Title: Love & Other Disasters
Author: Anita Kelly
Publication date: 2022
Date started: 23/07/2022
Date finished: 28/09/2022
First sentence: “Dahlia Woodson might have been shit at marriage, but she could dice an onion like a goddamn professional.”
Last sentence: “There was something essential missing, though. Dahlia opened the fridge again and rummaged through the vegetable drawer. Ah, there. All the way in the back. She grabbed the onion and brought it over to the cutting board, its papery skin already starting to unravel. And then she picked up her knife.”
Favorite sentence (spoilers): “You’ve had three years, Dad. And every single time you use the wrong pronoun, what I hear is that, even though I feel better about myself than I have my whole life, you don’t respect me. You don’t see me. Sometimes, it feels like you don’t love me. And yes, people slip up with pronouns all the time. It’s natural to make mistakes. But every time you misgender me, it’s purposeful, and it fucking hurts.”

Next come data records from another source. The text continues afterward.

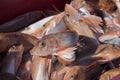 Red gurnard fish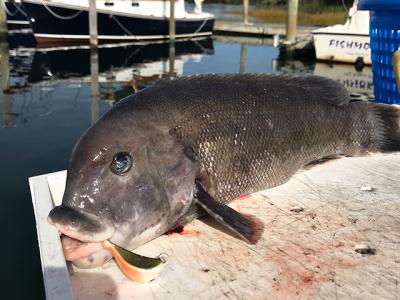 A blackfish jig with a green crab proved the right tool for the job.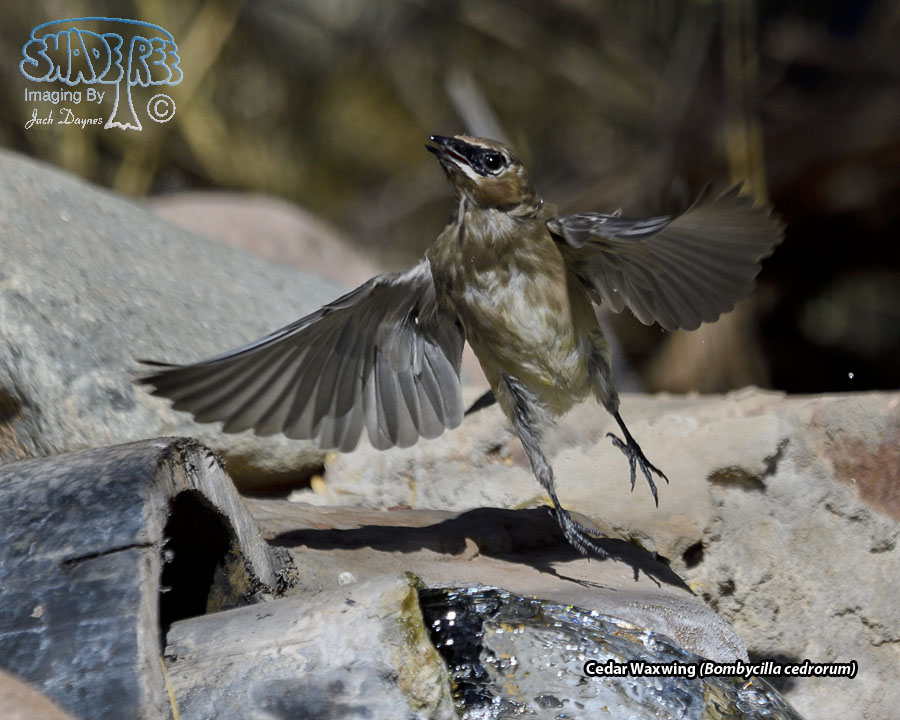 Cedar Waxwing - Bombycilla cedrorum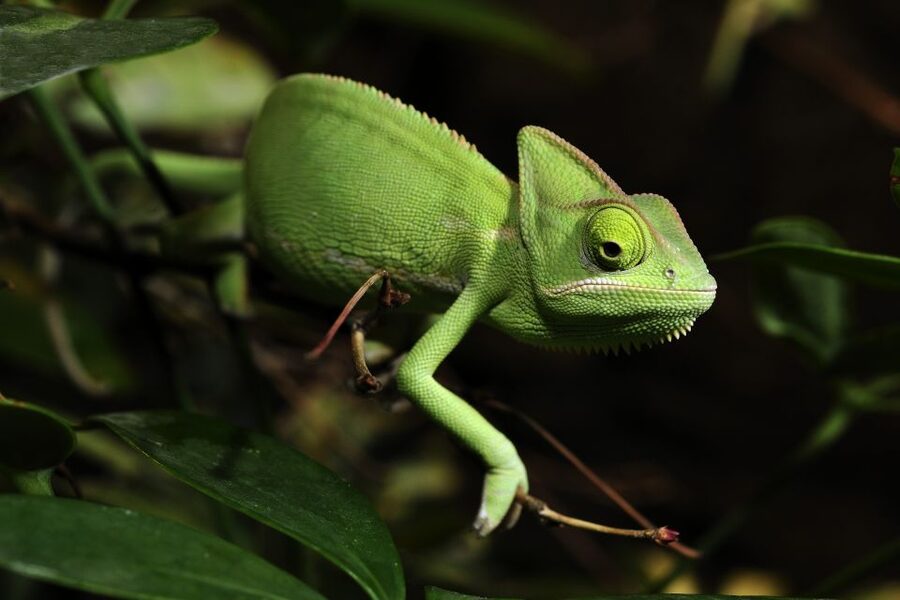 Cologne: Cologne Zoo and Aquarium Entry Ticket - Dinosaurs add a playful second attraction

Summary (spoilers): Dahlia Woodson and London Parker are participants in a home cook competition, Chef’s Special. As the first openly nonbinary participant, London is stressed about how their identity will be received by their co-competitors and the audience. Unfortunately, that’s not their only problem as they keep getting distracted by Dahlia and her amazing hair, cooking just in front of them. As the show progresses and their friends slowly get eliminated, Dahlia and London get closer and end up together. They refuse to talk about what will happen when one of them gets eliminated, choosing instead on focusing in the moment and forget that they live nowhere close to each other. When Dahlia loses so close to the end of the show, she freaks out and tells London they have no future together before flying away immediately. Once home, she realizes her life is in shambles – recently divorced, she also quit her job for the show and doesn’t know what to do – and decides to pack up to go live with her dad for a while. After an open discussion with her mother, she realizes she shouldn’t give up on her relationship with London, and she flies back for the show’s finale. After London wins, Dahlia cooks them a full barbecue spread and apologizes, and agrees to move to Nashville. Three months later, and they already live together, London started a nonprofit to teach queer kids how to cook during summer camps, and Dahlia started to write restaurant review, alongside a YouTube channel, a blog and an office job, trying to let her creativity and passions shine.
Opinion: This was quite a lovely book! There were a lot of explicit sex scenes which is not really my favorite thing, so at some point I almost gave up on it, but I’m glad I continued reading because it was a nice story. I liked that it was about cooking because I love food, but I thought that actually the cooking, food and competition parts of the story were a bit too eclipsed by the love story; of course I loved the romance, but I would have loved to hear more about food and cooking. It was great to have a nonbinary character as the main in a romance novel, especially to see an adult who’s already figured their stuff our, rather than a teenager still in the middle of the storm as I read before.